Thread.sleep(250); // (3) Current thread sleeps.
}
} catch (InterruptedException e) {
System.out.println(Thread.currentThread().getName() + " interrupted.");
}
System.out.println("Exit from thread: " + Thread.currentThread().getName());
}
}
//_______________________________________________________________________________
public class Client {
public static void main(String[] args) {
Counter counterA = new Counter(); // (4) Create a counter.
Thread worker = new Thread(counterA, "Counter A");// (5) Create a new thread.
System.out.println(worker);
worker.start(); // (6) Start the thread.
try {
int val;
do {
val = counterA.getValue(); // (7) Access the counter value.
System.out.println("Counter value read by " + Thread.currentThread().getName()+ ": " + val); // (8) Print thread name.
Thread.sleep(1000); // (9) Current thread sleeps.
} while (val < 5);
} catch (InterruptedException e) {
System.out.println("The main thread is interrupted.");
}
System.out.println("Exit from main() method.");
}
}
and the output is
Thread[Counter A,5,main]
Counter value read by main thread: 0
Counter A: 0
Counter A: 1
Counter A: 2
Counter A: 3
Counter value read by main thread: 4
Counter A: 4
Exit from thread: Counter A
Counter value read by main thread: 5
Exit from main() method.
My question is even though the worker thread was started initially before the Main thread enters it's try block, Main thread execution starts first and then when the Main thread goes to sleep child thread gets into action.
As this picture(taken from "A Programmer's Guide To Java SCJP Certification : A Comprehensive Primer 3rd Edition"
Author: Khalid A Mughal, Rolf W Rasmussen) depicts that when the start method is called on the thread it returns immediately.
Please explain this point that why on invoking start method it return immediately and does the thread get starts on calling the start method. As here on calling the start method it doesn't invoke run method of the class. So when does actually the thread starts ?
Also explain this " the call to the start() method is asynchronous."
there are three things that you are missing in your overall analysis.
Call to thread's start method is sequential not parallel. Its the call to run method of Thread that is concurrent. So if you have 5 statements in main method that call start, the 5ht is not going t be called first. Thats the 'happens before' guarantee that JVM specs give you. However the run method of 1 first may get called before or after the call to the second start statement. This depends as its more of a CPU time slicing issue rather than program execution.
When more than 1 thread runs in your program the order of output is in-deterministic. That's because they run in parallel. You can never be sure that the same program will run in same order on two machines or even in two runs on the same machine. In your question you have posted only 1 output. Run the program like 20 times one after another and match the output. I am sure 2 or 3 would be entirely different.
Finally, you are basing your analysis on the order or execution of your concurrent code. That's the biggest blooper programmer make. Concurrent programs are never intended to run in a specific order or sequence. Just try to make your Runnable work an atomic mutually exclusive task (mutually exclusive to the rest of program or even to other Runnables) and track its own execution. Dont mix Threads together.

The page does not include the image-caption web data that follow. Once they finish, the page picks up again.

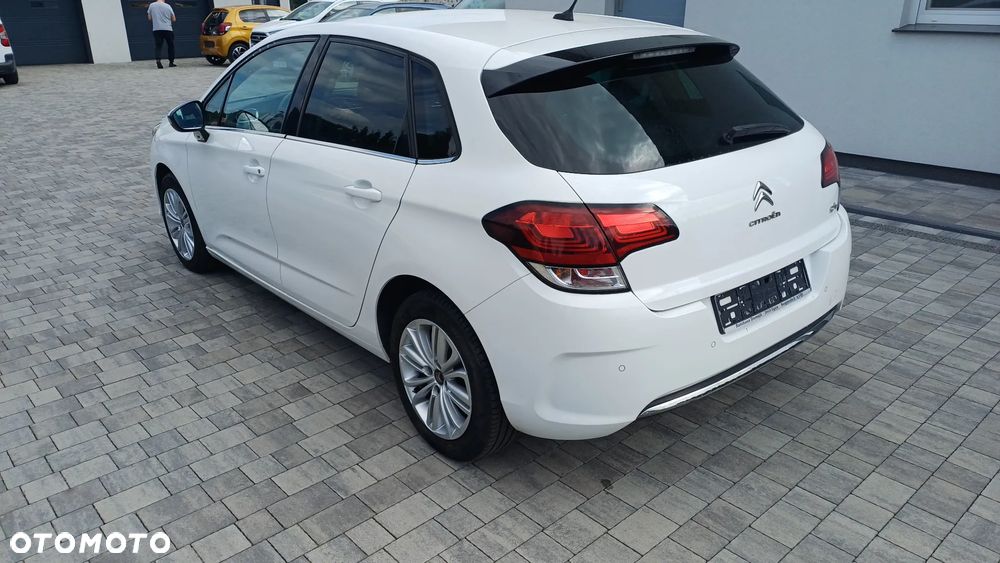 Citroën C4 PureTech 110 Selection - 4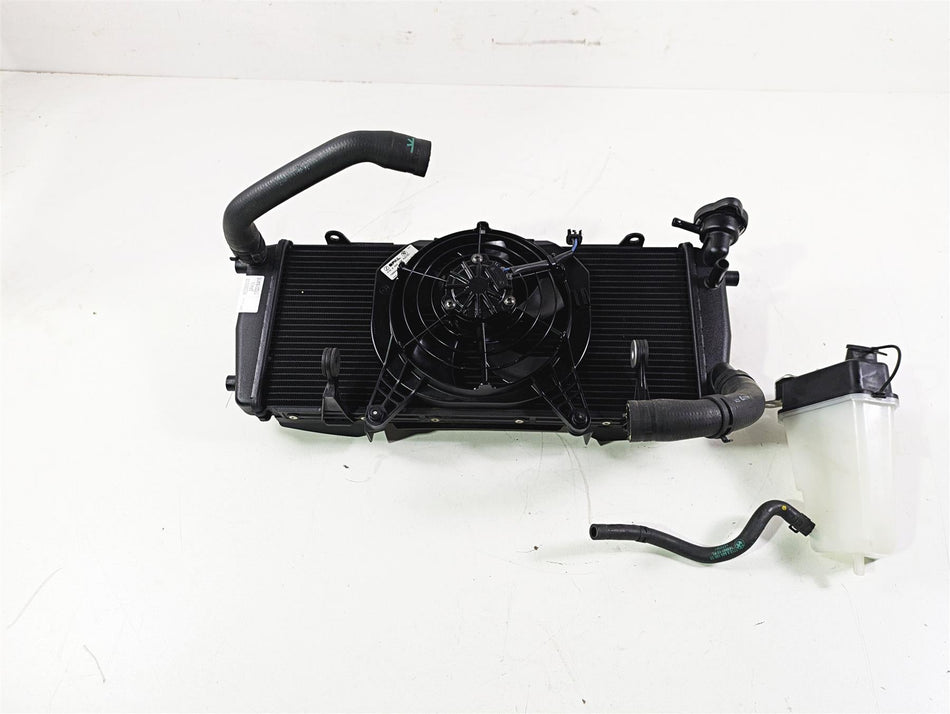 2016 BMW R1200RS K54 Radiator Fan Reservoir Hoses Set 17118525833 {{ shop.shopifyCountryName }} - Mototech271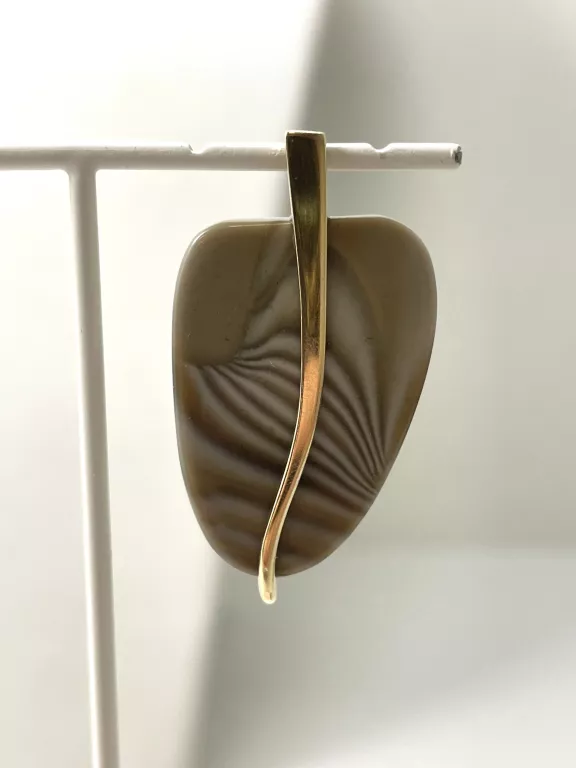 ZŁOTA ZAWIESZKA KRZEMIEŃ PASIASTY 585 8,13G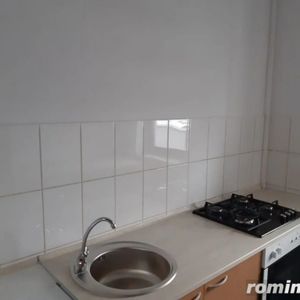 1 camera zona in Gara de Nord - Fotografie 2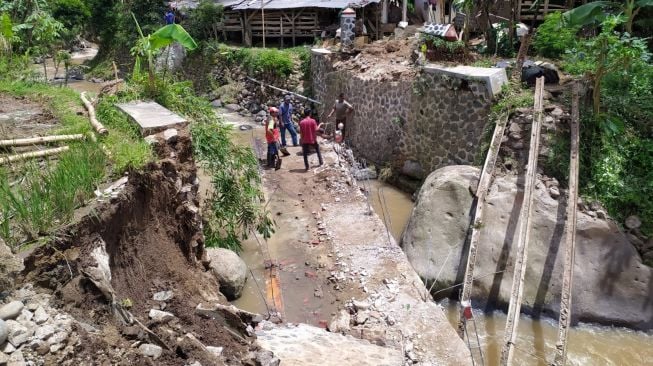 Dua Jembatan Penghubung Ambruk, Aktivitas Warga Cimanggu Pandeglang Lumpuh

You cannot directly enforce which Thread is executed/running when. Once you start it, it's handled on lower level(usually by OS) and the results may differ on different machine or even in different execution. If you need more control, you need to use some synchronization mechanism.
The thread is isn't started synchronously underneath the call to start(). It happens later (asynchronously). In other words, just because you called start() doesn't mean the thread has started.
They why and how are all implementation details, that may depend on JVM and/or OS implementations.